The economic situation changed during the third plan as we deviated from this path. The marginal savings rate, which had reached 24% during the second plan, collapsed to 5.7% during the third. This represented the reversal of economic momentum that had taken years to build. Investment as a percentage of GNP jumped from 9.7% in 1959-60 to 18.8% in 1964-65, only to fall back to 13.3% by 1969-70. Pakistan seems to be experiencing the same collapse today without truly understanding why. One reason is political instability and lack of trust amongst the country's key stakeholders.

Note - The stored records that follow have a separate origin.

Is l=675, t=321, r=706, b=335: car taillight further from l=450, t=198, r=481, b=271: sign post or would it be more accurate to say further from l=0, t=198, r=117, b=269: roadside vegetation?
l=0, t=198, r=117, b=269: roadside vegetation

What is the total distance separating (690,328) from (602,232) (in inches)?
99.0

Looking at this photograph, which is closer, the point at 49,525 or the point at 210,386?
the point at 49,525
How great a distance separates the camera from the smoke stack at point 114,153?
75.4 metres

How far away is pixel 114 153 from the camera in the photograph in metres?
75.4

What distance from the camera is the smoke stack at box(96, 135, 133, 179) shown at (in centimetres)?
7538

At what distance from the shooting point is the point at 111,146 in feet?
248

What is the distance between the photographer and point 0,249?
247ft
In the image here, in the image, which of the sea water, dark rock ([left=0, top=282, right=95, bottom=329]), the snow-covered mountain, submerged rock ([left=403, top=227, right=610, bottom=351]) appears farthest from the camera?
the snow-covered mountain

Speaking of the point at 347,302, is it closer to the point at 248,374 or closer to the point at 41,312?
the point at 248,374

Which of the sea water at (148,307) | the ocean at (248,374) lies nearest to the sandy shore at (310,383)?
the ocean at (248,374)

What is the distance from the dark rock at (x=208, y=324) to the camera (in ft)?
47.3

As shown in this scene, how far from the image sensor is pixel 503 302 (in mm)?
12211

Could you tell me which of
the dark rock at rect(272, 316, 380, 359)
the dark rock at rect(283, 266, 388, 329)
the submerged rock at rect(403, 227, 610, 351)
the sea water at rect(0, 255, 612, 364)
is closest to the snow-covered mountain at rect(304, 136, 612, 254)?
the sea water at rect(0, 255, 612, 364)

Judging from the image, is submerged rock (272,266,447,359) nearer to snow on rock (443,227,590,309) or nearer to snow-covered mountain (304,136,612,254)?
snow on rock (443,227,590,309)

The nationalization of industries in the 1970s provides the clearest example of how political upheaval destroys institutional memory. Whatever industrial progress had been achieved in the 1960s was held back, and the discourse underwent a paradigm shift from focus on industrialization's positive growth impacts to debates about whether industries could perform optimally under nationalized structures. As each new political era began, a complete divorce from the previous was seen—policy transitions became neither smooth nor coherent. We've been repeating this pattern ever since, with economic policy swinging wildly with each change of government.
In the three post-inception decades, a power contest ensued between the military, bureaucracy, and political elite. The three contested to arrogate more power and constituency as the country swung between various military and civilian regimes, each bringing totally new economic policies and defining a new role for the bureaucracy. This held both growth and progress back while East Asian economies like Singapore and Malaysia, who at one time experienced slower growth rates than Pakistan, developed at a rapid pace in the 1970s. Our current political tensions continue this destructive pattern.
The tragedy isn't just that we're repeating debates from the 1960s. It's that while we argue about metros versus health cards, we're ignoring the economic challenges unique to our time—challenges that the Zahid Hussains and Mahbub ul Haqs of that era never had to confront and that require entirely fresh thinking. Pakistan achieved spectacular results in the 1960s due to the quality of its discourse despite some degree of institutional conflict and political instability that existed even then.
Someone must step up to build bridges and gather stakeholders under a one-point agenda to reconstruct the policy discourse, weaving it around issues that Pakistan's economy faces today.